BUTTIGIEG: Well, of course we've got to compete and win in 2018. But one thing that I've noticed about the other side of the aisle is they are very patient in building their majorities. You know, you had organizations that started by running people for school board in the '80s and are seeing dividends on that now. And we've got to have the same patience. We, as a party, can't treat the next cycle like it's the only one that matters. For example, you know, 2020 is a year that will have huge implications for redistricting. And so we've got to be looking at the statehouses, not treating the presidency like it's the only office that matters.

GREENE: But you acknowledge that 2018 does not look so good for you.

BUTTIGIEG: Well, look, the math is tough, especially when it comes to the Senate, but I also think Americans have woken up, whether it's people on our side of the aisle who stayed home in the last election or people who are up for grabs and a little bit skeptical about where this country is being led. I think there's tons of potential for pickups in 2018, but I'm not naive about what we're up against. And I certainly don't think the ordinary historical rule about midterms for the party in power is something that you can simply assume will carry us to victories.

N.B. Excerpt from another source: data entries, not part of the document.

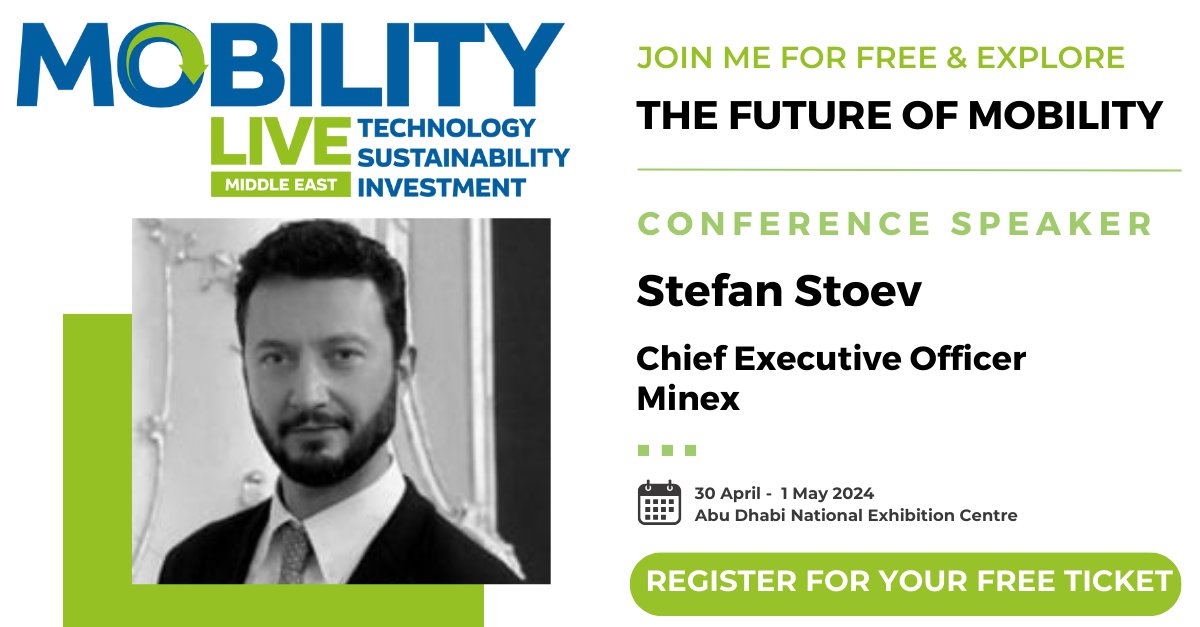 #minex CEO Dr. Stefan Stoev will be speaking at the #MobilityLiveME 2024 in Abu Dhabi on #mining, #mininginvestment, #miningwithprinciples, #rawmaterials, #Resources, #CriticalMinerals, #SustainableDevelopment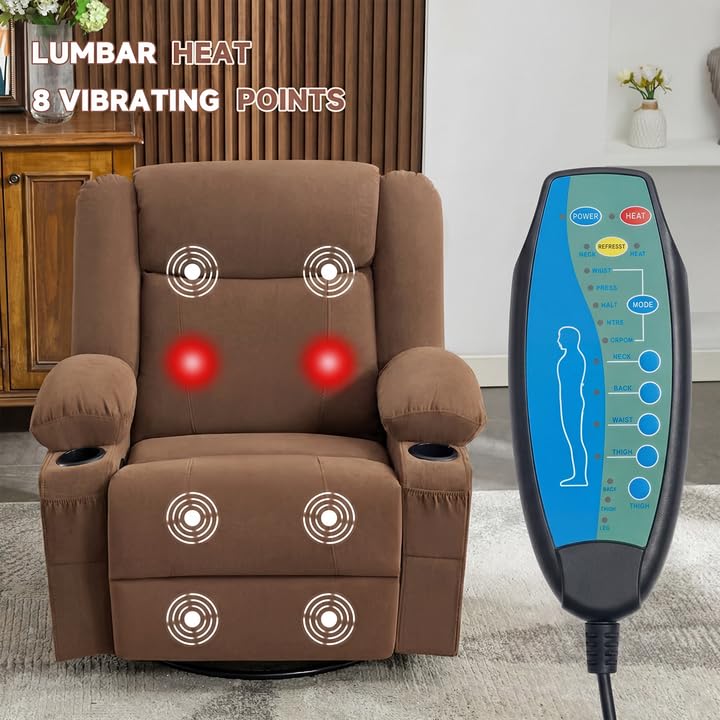 Image of Swivel Recliner Chair for Adults,Rocker Recliners with Vibration Massage and Lumbar Heat,Ergonomic Rocking Chair with Side Pocket,2 Cup Holders for Living Room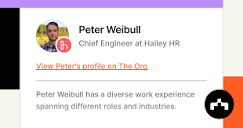 Peter Weibull - Chief Engineer at Hailey HR | The Org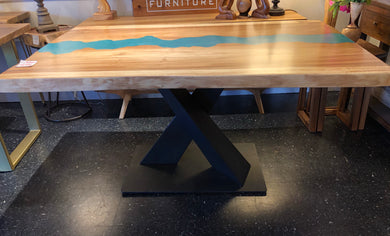 Live edge acacia wood river epoxy dining table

GREENE: Let me just ask you that - the front-runners for the job you're going for, DNC chair, are a former U.S. labor secretary and a member of Congress who has been serving in Congress for a decade. They've gotten most of the endorsements. Why would you be a better choice, Mayor?

BUTTIGIEG: Well, you know, this is a moment when I think everybody competing to lead the party is largely saying similar things. We're all saying that we've got to engage a new generation. We've all said that we need to get back to the state and local level. And so my contention is if we're saying we want engage a new generation, bring in a leader from a new generation. If we're saying we want to compete and win in red and purple states, find somebody who's been competing and winning in as red a state as it gets, Mike Pence's Indiana. And if we're recognizing that the solutions are not going to come from Washington, D.C., put in somebody who doesn't get up in the morning and go to an office in Washington, D.C., every day.

GREENE: Well, Mayor, thanks so much. It's been really nice talking to you.

BUTTIGIEG: All right same here, thank you.